-
-
Category: Cores
-
-
Hits: 11304
Authors:
Full Paper for Citation:
Verilog files for the core:
- Quartus Project:
- Individual Verilog Files:
- Zip File:
Video Example of the core working on a Real Vital Signs Monitor:
Introduction
Signal wave graphing is a common requirement in embedded instrumentation systems dedicated to the monitoring and logging of external variables. However, this functionality requires a lot more resources than the ones available in simple signal acquisition systems as expected in power and economic budgets, as they may require the use of external GPUs that integrate a variety of graphing resources unnecessary for logging-and-graphing dedicated applications, such as Digital Oscilloscopes, Industrial Monitoring, Vital Signs Monitors and others.
A Verilog HDL module for the acceleration of signal wave graphing using FPGAs has been developed as part of an ongoing process carried by the ADT(Advanced Digital Technologies) academic working-group at UPB(Universidad Pontificia Bolivariana) Bucaramanga. The ADT group develops resources related to its fields of study and leaves them available and open for other students and the engineering industry to use in embedded systems solutions. This paper describes this module's justification, specifications, development methodology, comparison test results, performance and future work.
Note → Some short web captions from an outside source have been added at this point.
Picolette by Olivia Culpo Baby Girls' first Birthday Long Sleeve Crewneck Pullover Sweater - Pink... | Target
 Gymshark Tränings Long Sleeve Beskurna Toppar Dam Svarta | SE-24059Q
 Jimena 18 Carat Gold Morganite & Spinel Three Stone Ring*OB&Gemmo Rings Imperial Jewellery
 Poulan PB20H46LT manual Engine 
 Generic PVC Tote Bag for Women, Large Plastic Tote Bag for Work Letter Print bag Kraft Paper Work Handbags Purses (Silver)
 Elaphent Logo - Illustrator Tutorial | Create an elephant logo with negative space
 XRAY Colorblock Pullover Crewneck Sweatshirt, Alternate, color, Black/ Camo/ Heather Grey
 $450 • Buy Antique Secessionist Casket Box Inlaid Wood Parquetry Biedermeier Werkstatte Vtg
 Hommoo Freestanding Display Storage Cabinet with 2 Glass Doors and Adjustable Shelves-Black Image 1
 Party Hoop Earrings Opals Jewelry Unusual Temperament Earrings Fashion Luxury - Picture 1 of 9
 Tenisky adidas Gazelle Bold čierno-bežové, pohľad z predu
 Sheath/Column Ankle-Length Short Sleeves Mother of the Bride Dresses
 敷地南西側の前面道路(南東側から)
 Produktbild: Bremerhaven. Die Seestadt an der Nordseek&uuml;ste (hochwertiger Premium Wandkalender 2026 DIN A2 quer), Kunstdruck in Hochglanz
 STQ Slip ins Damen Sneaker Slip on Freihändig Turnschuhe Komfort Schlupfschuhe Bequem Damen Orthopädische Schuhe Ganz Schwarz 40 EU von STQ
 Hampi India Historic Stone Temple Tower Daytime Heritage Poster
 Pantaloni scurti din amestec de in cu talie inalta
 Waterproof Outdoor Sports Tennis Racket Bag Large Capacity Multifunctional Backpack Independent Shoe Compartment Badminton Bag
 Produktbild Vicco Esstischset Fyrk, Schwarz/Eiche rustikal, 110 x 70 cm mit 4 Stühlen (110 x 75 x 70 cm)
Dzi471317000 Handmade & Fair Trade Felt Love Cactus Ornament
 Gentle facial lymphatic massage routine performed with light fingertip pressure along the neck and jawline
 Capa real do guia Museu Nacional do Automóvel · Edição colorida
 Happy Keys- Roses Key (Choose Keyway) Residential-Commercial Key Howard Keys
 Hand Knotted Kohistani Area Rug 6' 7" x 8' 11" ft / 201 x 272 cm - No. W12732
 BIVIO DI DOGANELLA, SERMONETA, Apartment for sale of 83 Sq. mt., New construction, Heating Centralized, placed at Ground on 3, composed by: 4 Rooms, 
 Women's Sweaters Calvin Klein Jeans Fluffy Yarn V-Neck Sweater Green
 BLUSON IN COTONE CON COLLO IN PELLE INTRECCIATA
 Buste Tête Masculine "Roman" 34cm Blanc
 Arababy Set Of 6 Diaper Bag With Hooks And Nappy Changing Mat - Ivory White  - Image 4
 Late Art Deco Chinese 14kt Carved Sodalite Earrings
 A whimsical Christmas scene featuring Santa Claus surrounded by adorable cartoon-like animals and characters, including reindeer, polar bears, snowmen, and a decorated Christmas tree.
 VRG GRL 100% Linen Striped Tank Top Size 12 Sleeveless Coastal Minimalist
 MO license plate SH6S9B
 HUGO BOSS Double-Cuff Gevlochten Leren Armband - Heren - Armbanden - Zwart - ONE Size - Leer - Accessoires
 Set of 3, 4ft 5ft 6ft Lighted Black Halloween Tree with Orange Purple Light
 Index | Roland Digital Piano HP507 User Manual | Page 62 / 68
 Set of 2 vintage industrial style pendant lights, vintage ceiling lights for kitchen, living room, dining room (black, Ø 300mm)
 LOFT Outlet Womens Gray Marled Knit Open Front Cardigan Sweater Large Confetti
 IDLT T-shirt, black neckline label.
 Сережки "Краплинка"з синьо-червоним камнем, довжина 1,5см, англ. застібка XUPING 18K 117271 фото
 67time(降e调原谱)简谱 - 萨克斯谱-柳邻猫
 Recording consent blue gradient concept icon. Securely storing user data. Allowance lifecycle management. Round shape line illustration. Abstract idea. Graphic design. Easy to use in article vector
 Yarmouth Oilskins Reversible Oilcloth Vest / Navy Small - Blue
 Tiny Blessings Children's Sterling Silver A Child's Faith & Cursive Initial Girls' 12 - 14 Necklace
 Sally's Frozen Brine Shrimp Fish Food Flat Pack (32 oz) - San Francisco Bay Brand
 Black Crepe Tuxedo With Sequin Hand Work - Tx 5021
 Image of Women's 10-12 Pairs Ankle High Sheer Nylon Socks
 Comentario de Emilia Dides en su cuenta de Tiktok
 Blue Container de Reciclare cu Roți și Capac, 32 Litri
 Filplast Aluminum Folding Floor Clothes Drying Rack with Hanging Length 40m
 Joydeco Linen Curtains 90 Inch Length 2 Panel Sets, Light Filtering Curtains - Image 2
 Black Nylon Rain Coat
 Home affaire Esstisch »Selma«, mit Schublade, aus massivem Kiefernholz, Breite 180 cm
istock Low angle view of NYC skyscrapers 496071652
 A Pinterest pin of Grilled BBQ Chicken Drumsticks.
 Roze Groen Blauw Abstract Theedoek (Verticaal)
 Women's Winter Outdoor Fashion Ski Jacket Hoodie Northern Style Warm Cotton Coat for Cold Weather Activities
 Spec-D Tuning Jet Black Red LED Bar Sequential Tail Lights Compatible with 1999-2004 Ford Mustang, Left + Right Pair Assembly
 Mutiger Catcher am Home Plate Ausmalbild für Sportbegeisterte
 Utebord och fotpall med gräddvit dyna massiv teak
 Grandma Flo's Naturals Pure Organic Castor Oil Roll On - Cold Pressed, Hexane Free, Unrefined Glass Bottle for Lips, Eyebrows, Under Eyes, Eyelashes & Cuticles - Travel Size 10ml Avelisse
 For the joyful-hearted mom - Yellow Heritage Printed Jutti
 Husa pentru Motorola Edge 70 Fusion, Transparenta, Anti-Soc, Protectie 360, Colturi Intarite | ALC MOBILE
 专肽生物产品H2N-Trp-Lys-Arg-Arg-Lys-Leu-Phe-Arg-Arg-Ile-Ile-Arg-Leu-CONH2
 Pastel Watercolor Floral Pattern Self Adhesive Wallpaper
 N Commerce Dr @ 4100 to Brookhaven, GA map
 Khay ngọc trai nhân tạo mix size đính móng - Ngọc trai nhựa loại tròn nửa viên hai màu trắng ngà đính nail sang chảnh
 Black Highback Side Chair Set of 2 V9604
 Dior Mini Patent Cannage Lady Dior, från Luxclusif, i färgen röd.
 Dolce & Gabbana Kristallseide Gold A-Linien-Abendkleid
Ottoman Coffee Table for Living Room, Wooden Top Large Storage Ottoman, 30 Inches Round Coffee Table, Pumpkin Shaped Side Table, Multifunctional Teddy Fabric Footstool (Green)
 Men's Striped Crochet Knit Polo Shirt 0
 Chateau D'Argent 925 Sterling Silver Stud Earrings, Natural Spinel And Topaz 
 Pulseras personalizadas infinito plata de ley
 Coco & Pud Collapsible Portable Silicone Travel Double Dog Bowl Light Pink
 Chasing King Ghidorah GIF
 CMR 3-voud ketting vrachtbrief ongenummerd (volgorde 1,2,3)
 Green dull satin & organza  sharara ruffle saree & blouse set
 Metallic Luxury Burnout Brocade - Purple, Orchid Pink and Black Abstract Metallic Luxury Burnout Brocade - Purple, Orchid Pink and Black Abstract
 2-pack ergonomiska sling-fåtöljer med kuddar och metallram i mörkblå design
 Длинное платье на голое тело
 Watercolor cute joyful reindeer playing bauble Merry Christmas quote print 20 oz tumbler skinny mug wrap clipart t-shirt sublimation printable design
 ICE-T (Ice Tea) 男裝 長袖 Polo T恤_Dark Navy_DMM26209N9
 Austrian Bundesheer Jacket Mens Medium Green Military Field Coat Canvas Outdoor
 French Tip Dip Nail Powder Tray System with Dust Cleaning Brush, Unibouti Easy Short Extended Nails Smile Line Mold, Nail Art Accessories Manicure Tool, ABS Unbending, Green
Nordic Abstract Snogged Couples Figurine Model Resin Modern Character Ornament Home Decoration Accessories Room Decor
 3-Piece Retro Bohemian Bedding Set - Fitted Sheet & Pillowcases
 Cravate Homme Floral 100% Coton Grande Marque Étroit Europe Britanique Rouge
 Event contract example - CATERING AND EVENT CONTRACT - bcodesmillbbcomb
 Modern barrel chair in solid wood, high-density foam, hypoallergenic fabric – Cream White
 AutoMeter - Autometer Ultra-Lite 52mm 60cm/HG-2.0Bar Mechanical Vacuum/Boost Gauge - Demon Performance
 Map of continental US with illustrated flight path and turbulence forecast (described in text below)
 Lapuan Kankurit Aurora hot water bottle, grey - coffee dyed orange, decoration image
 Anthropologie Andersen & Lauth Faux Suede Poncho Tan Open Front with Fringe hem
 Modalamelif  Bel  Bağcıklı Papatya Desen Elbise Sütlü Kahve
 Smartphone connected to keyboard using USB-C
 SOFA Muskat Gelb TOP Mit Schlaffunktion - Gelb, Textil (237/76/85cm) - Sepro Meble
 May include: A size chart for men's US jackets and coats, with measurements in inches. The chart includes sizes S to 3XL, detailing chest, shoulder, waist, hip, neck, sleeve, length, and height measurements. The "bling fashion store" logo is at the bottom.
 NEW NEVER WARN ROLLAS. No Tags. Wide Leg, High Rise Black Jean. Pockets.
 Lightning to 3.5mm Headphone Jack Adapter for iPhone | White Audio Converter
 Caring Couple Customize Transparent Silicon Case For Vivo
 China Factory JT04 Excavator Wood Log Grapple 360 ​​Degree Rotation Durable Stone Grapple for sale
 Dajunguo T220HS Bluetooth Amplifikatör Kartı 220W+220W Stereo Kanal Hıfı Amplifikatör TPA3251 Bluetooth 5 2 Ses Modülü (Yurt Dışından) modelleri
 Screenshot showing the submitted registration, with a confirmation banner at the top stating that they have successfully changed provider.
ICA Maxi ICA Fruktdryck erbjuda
An advantage provided by the use of FPGAs is the possibility of performing signal wave graphing using the same integrated circuit used for signal processing and peripheral interfaces, without the high cost related to custom ASICs (Application Specific Integrated Circuits). FPGAs are a fast way of getting to market with highly integrated devices before or without moving to ASICs. For instance, Global Information and Communication Technology service provider Huawei was known for being the single largest buyer of FPGAs before changing their commercial solutions to ASICs [*], and recent news stated that Intel will be manufacturing Altera's high-end FPGAs, giving them an edge in technology that should boost the use of their devices in faster design-to-market solutions.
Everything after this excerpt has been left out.